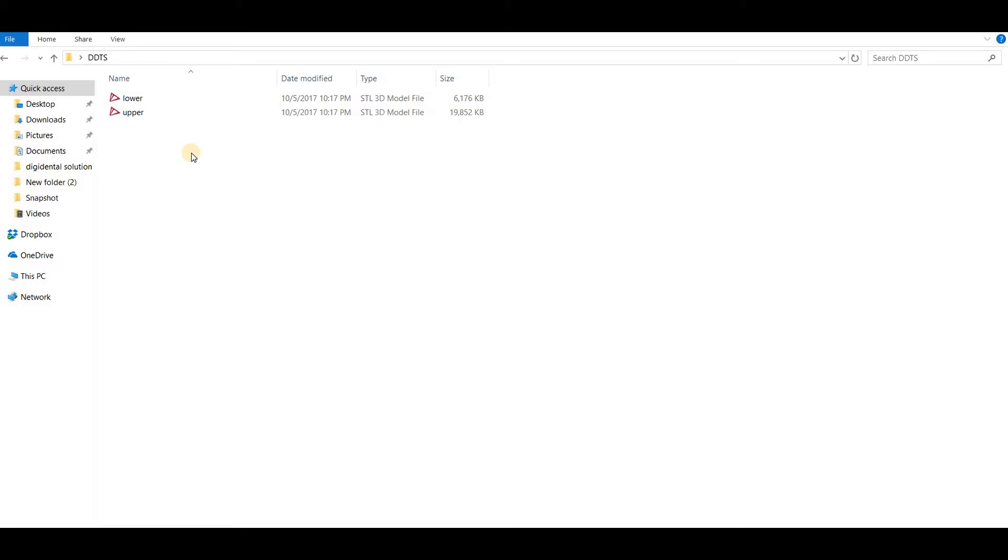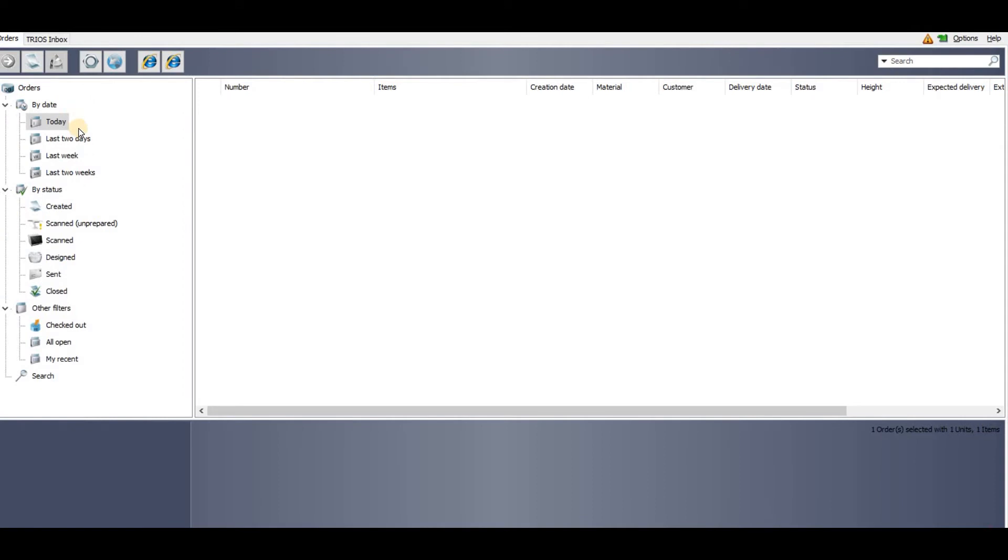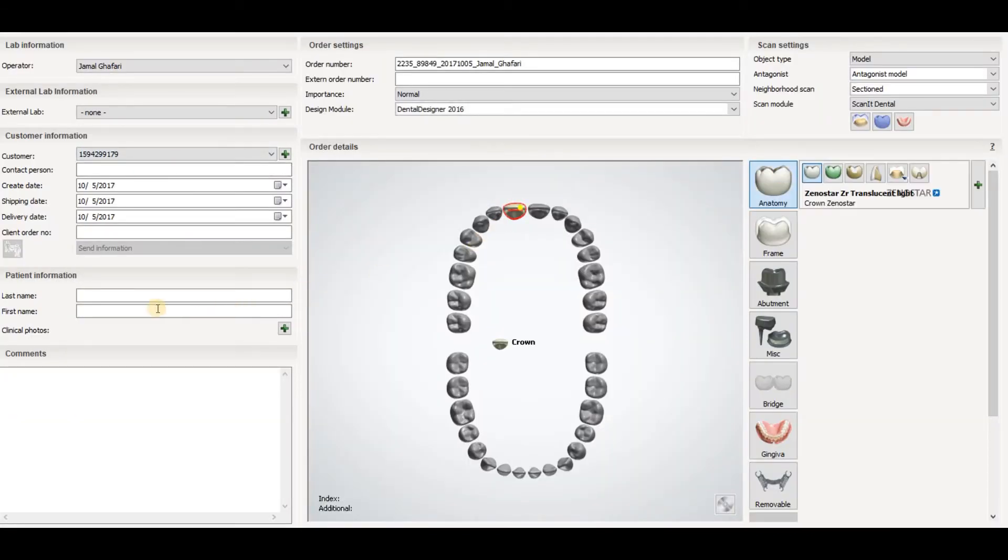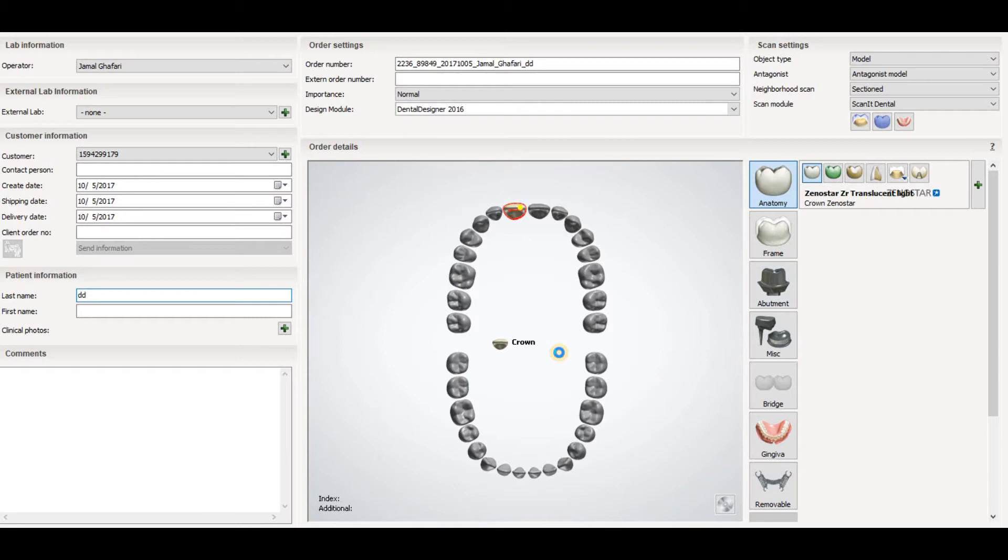Using the 3Shape dental system, just create a new order, select any tooth. You can choose anything, then press OK.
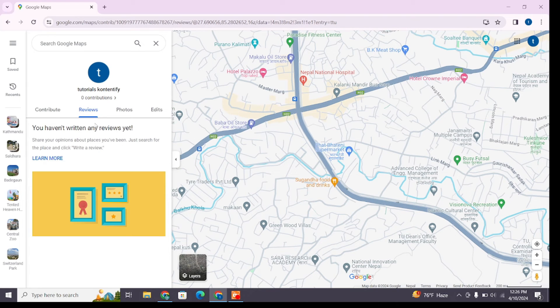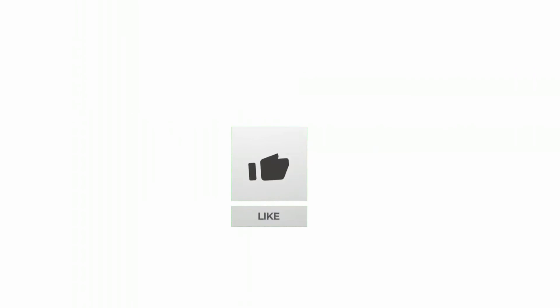After that you will see you have successfully deleted your contribution from Google Maps. The contribution will no longer be visible to others too. So in this way you can delete your Google Maps contributions.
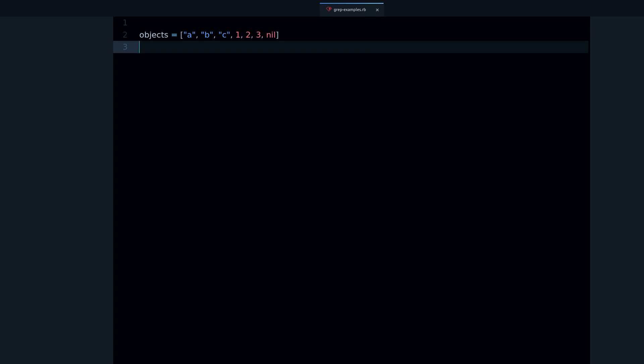Hey, my name is Jesus Castello and in this video you're going to learn about the grep method in Ruby — what it is, how to use it, and why it's useful.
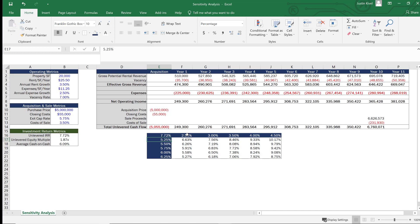Now we have a complete sensitivity analysis showing what happens to our unlevered IRR across all combinations. For example, if rent growth is 4% and exit cap is 5.75%, or if exit cap is 6.25% and rent growth is 3%, we can see all the values. In the worst case scenario our lowest value is 5.27% and our highest is 10.17%. As a real estate investor you need to decide what you can live with — if the worst case isn't acceptable, you probably want to adjust your purchase price.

## WORK TASK
The listing must be repeated word for word, and none of its pictures may appear in the copy.

## TASK SOLUTION
Using the 3Shape dental system, just create a new order, select any tooth. You can choose anything, then press OK.
After that you will see you have successfully deleted your contribution from Google Maps. The contribution will no longer be visible to others too. So in this way you can delete your Google Maps contributions.
Hey, my name is Jesus Castello and in this video you're going to learn about the grep method in Ruby — what it is, how to use it, and why it's useful.
Now we have a complete sensitivity analysis showing what happens to our unlevered IRR across all combinations. For example, if rent growth is 4% and exit cap is 5.75%, or if exit cap is 6.25% and rent growth is 3%, we can see all the values. In the worst case scenario our lowest value is 5.27% and our highest is 10.17%. As a real estate investor you need to decide what you can live with — if the worst case isn't acceptable, you probably want to adjust your purchase price.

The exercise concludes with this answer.